On Fri, Sep 23, 2016 at 6:51 AM, @judyschickens wrote:
> Judy’s Chickens posted: “It was the smoking barns that first drew me down > the rabbit hole of learning about the tobacco plant, Nicotiana. I had no > idea the billows of smoke that hovered around these barns came from a > curing process that has been used to preserve tobacco leaves fo” >
Thanks, Mary. We enjoy visiting farms.
I live on a farm in Robertson county. We used to raise tobacco. Years ago when one of our sons was around twelve we “gave him about an acre to raise his own tobacco. The whole family pitched in to help plant. I rode on the tobacco setter which is a large machine that has a kind of rotating wheel with slots which you put the tobacco plants in and then the machine plants them in the soil. It is much harder than it sounds. Not only is it rhythmic and you have to stay in sync with the rotation but you have to put the plant in the slot correctly. If you don’t, the plant gets planted upside down, with the roots sticking up in the air!
Varina, thank you for taking the time to explain this process. I’m wondering if the machine is like the one I have photos of in my post about planting slips of sweet potatoes. If you get a chance, take a look at that post and let me know.
Also, I like the idea of the family getting involved in planting your son’s acre. A friend of mine wrote to tell me about the hanging process and how hard the work was, but how she had fond memories because the family did the work together.
My first job out of college was in the lower part of our state, where tobacco was the big thing. I worked in the agricultural extension service office and occasionally would tag along with one of the ag agents to take the soil temperature. (Still have no clue why they did that.) They laughed when the first time I wore sandals only to find out that walking out through a field was like walking through a bed of coals! The SC vocabulary was slightly different. They “cropped” tobacco to remove the tops. Stringing tobacco for hanging was a huge deal. About the time I was there, the change was being made to bulk curing. So glad I got to see those rickety (that’s what they looked like to me) old barns. The bulk barns just lacked the charm. The one thing I didn’t see while I was there was a tobacco auction. There was a huge one in our county. A few years later, all of that was gone. I was only in the lowcountry county for one year, but it’s a year I remember fondly.

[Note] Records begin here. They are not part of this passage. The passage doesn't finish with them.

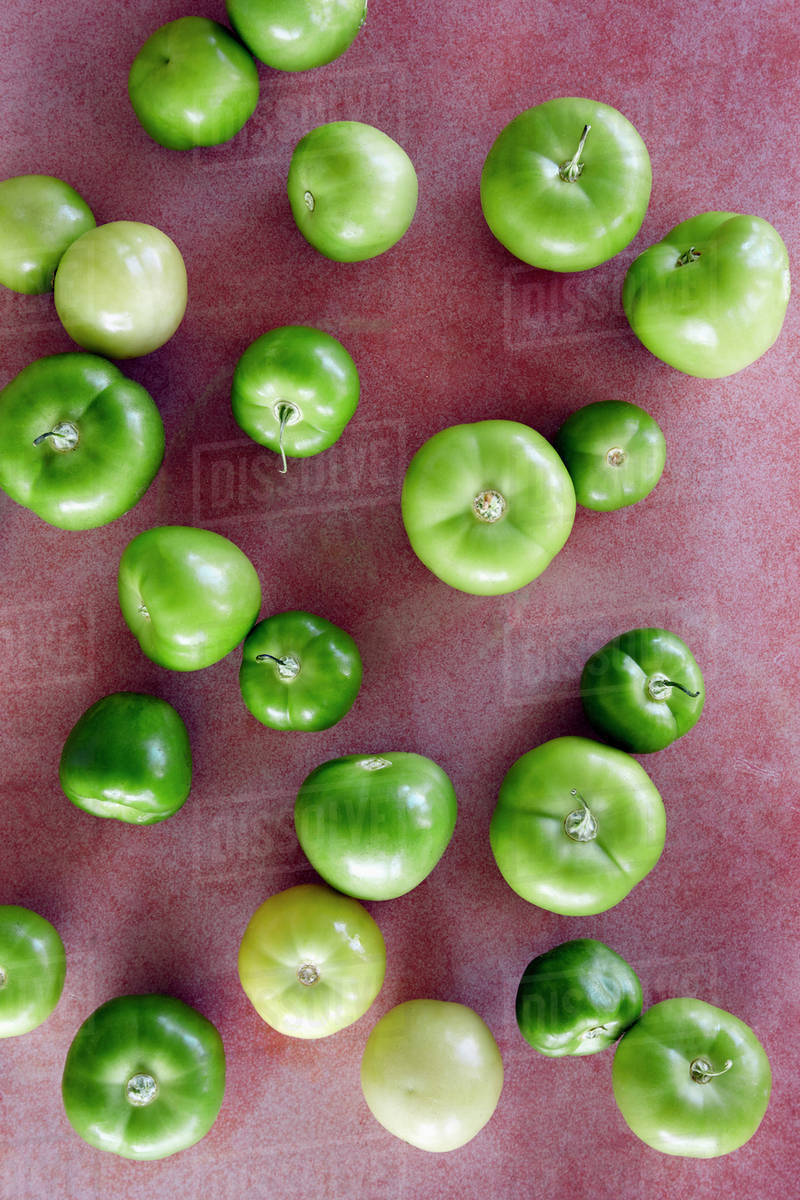 Green tomatillos on red background Stock Photo Dissolve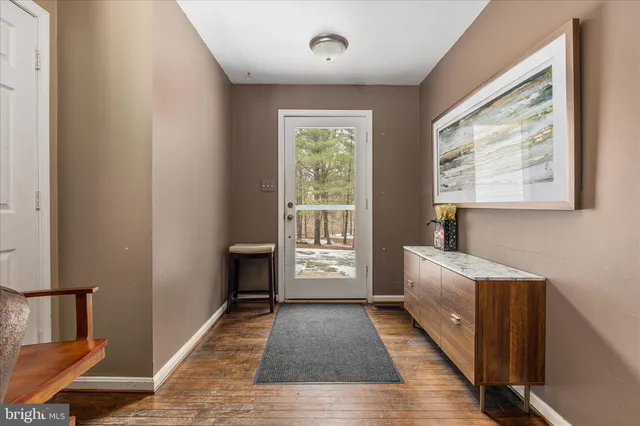 a view of a backyard of the house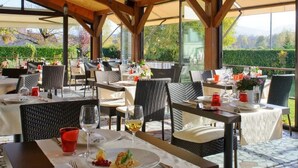 Een terras met tafels en stoelen, een houten plafond en uitzicht op groen.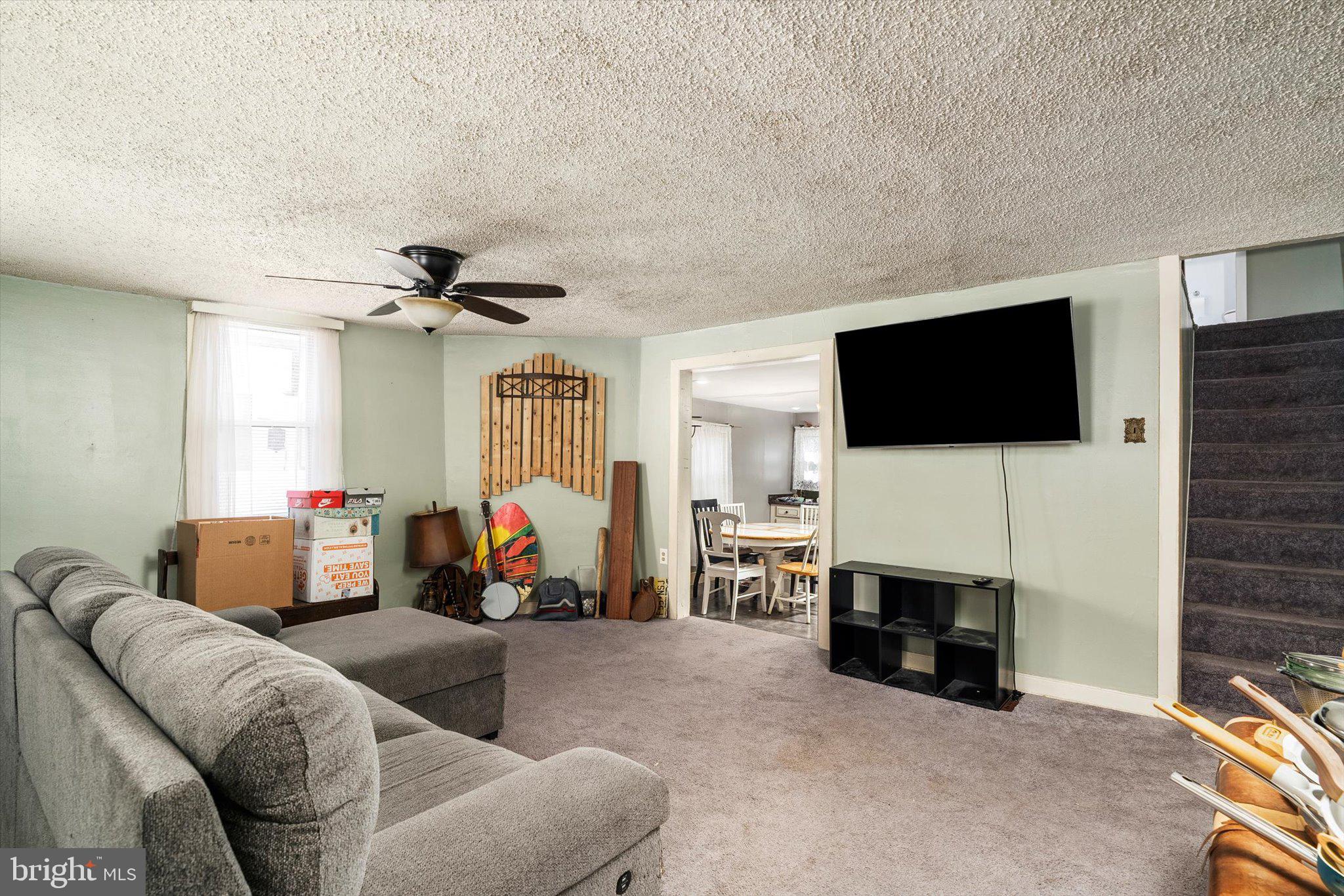 22 Brainerd Street Mount Holly, NJ 08060 - Photo 2 of 20 a living room with furniture and a flat screen tv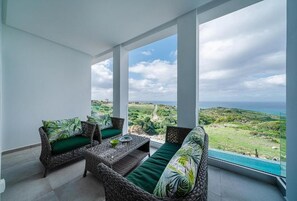 A balcony with wicker furniture and a view of the ocean. - Le Tanger By Mnar Palm (Al Bahraoyine)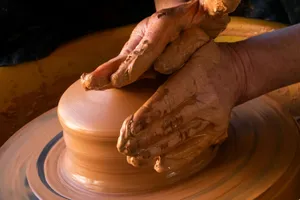 person making clay pot with clay jigsaw puzzle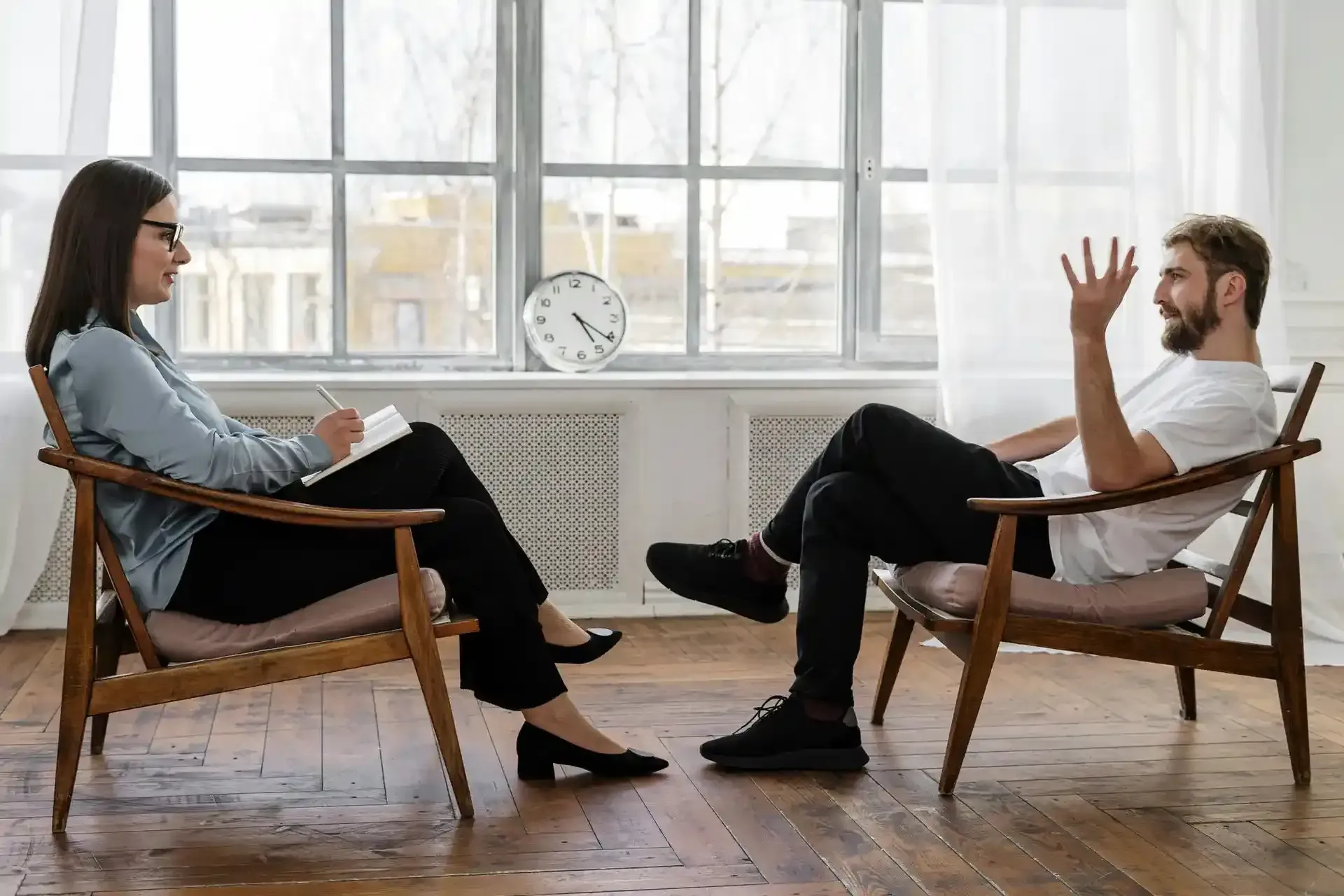 a woman therapist sitting across from a male client in an office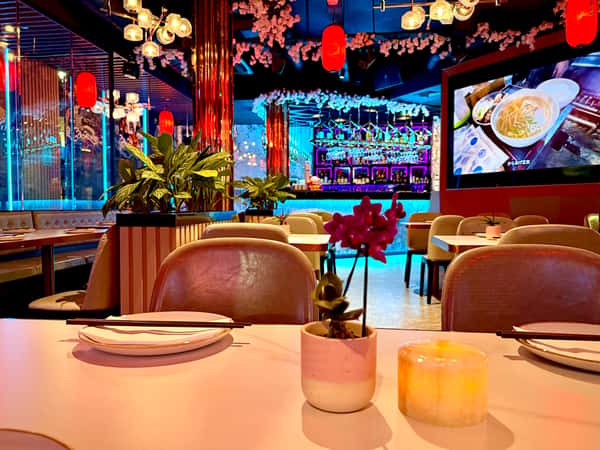 Vibrant interior of Sumiya restaurant with neon lighting and colorful décor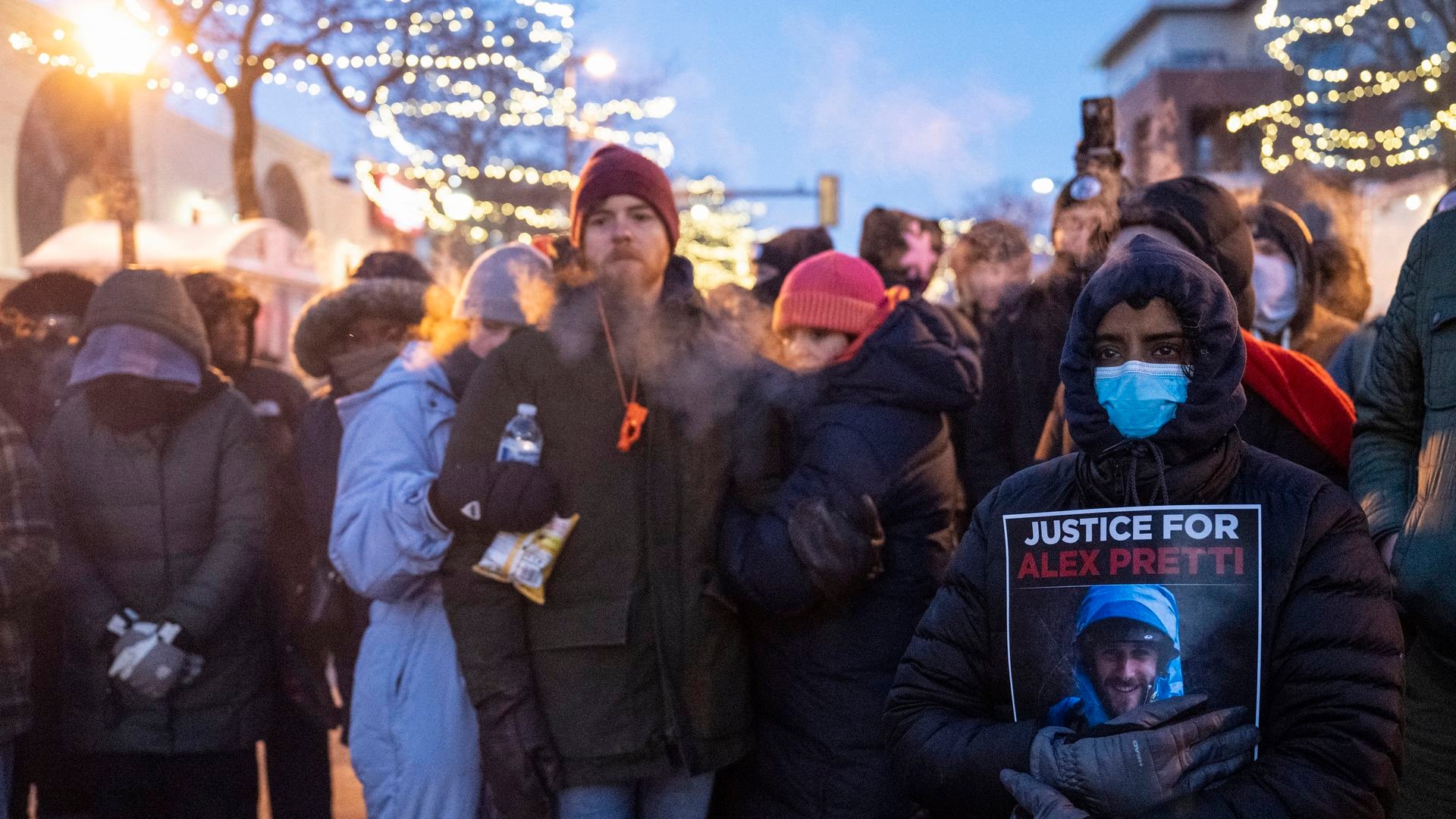 A group of people stand together at a makeshift memorial for a man shot by federal agents in Minnesota. One person, wearing a blue mask, holds a sign that says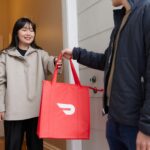 a woman holding a red bag standing next to a man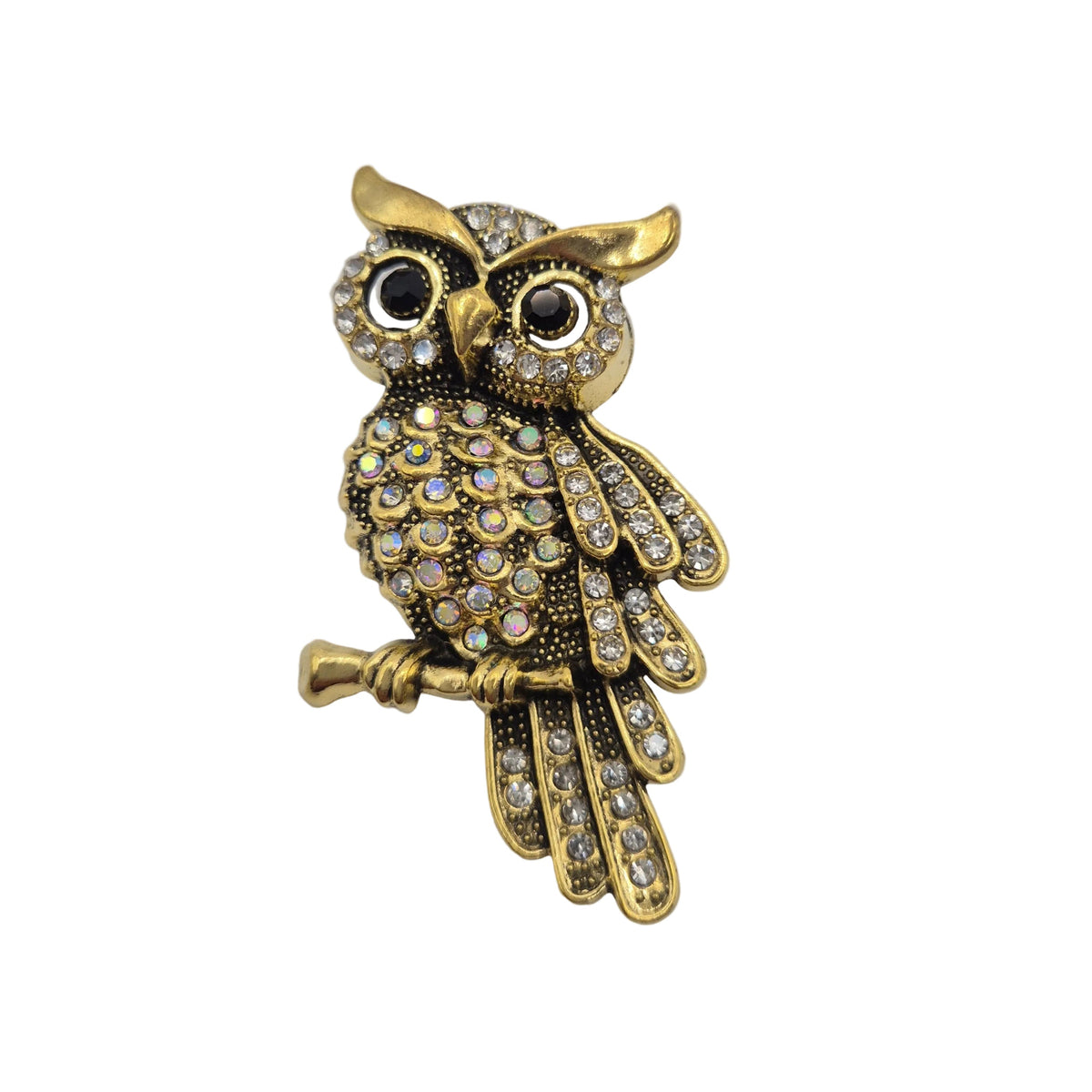 Gold owl brooch embellished with clear rhinestones, resting on a small branch, set against a plain white background.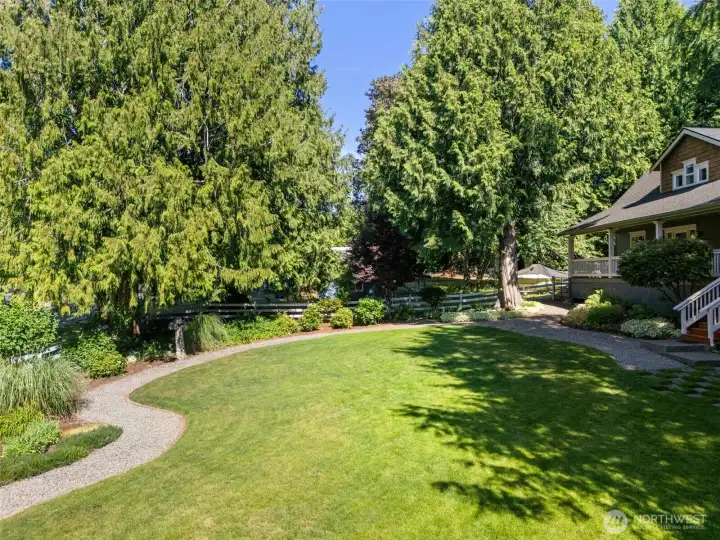 Looking back toward the residence, this angle emphasizes the home's idyllic setting. The deeply curved gravel path serves as both a practical walkway and a beautiful design element, connecting the lower yard to the main porch stairs while maximizing the visual flow of the lush outdoor space.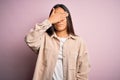 Young beautiful asian woman wearing casual shirt standing over pink background covering eyes with hand, looking serious and sad Royalty Free Stock Photo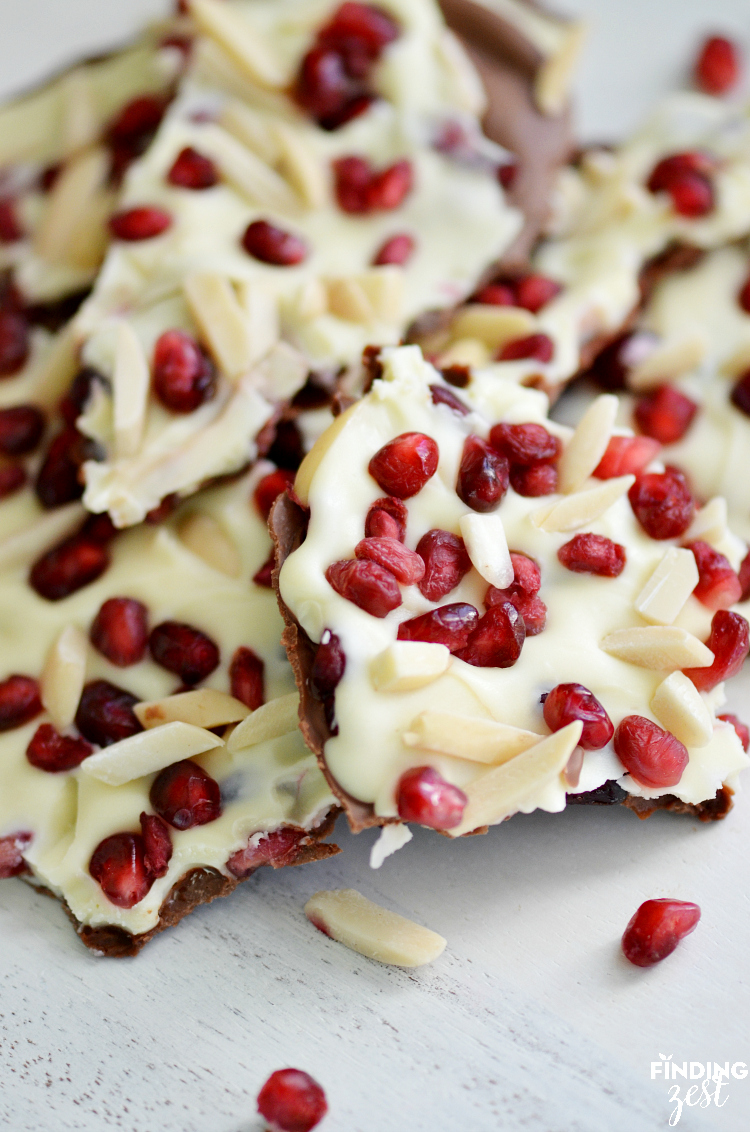 This Pomegranate Almond Chocolate Bark is a tasty holiday recipe featuring both white and milk chocolate, lightly toasted slivered almond and fresh pomegranates. This delicious combination of flavors is sure to impress!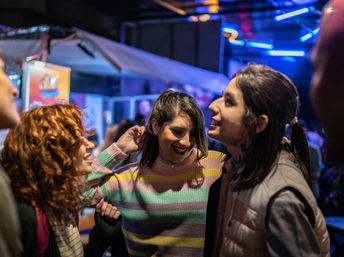 Three young adults laughing and dancing on a night out in a crowded urban bar with colorful neon lights and a lively nightlife vibe.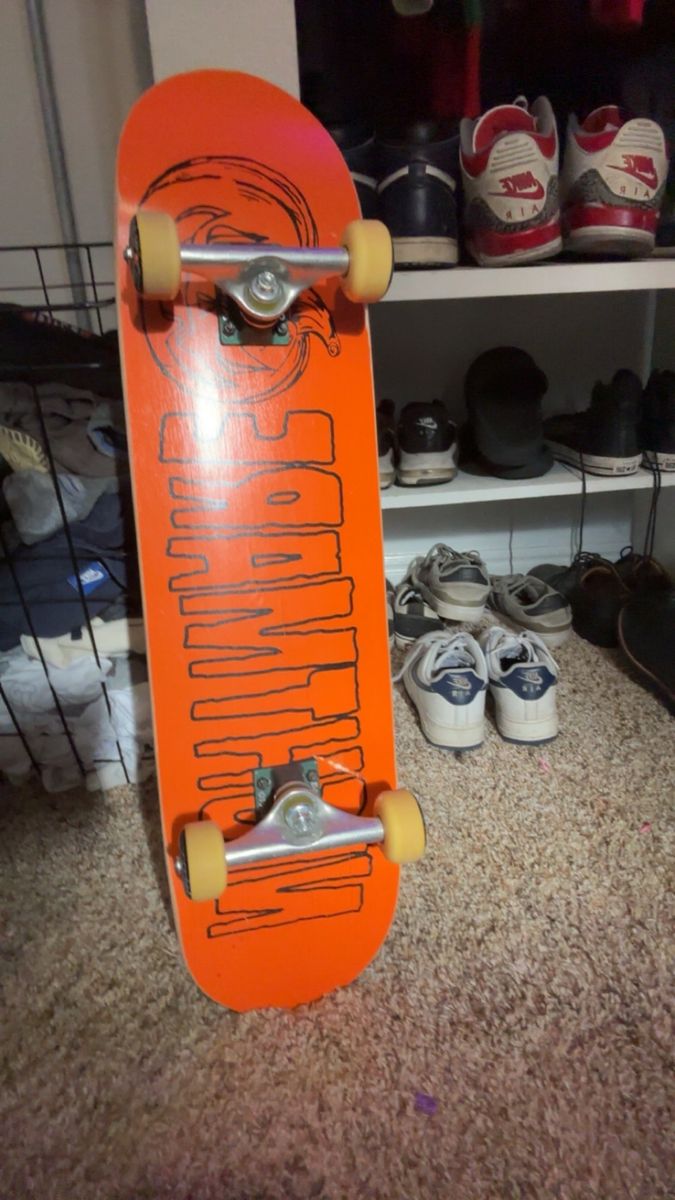 Orange Skateboard with Graphic Bottom and Grip Tape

I loved reading this. So your first job was with the local county ag office? Fantastic! And in sandals! I won’t go near a field now without long pants and boots, but I probably would have showed up in sandals, too. So young! Growing tobacco is hard very work, and as you know, most of it has to be done by hand. Most of the tobacco farmers I saw in KY were migrant workers from Mexico here for five months. When I shot the photos, it was 97 degrees, but they seem unfazed and continued to work at a good clip under the hot sun. Thanks for writing.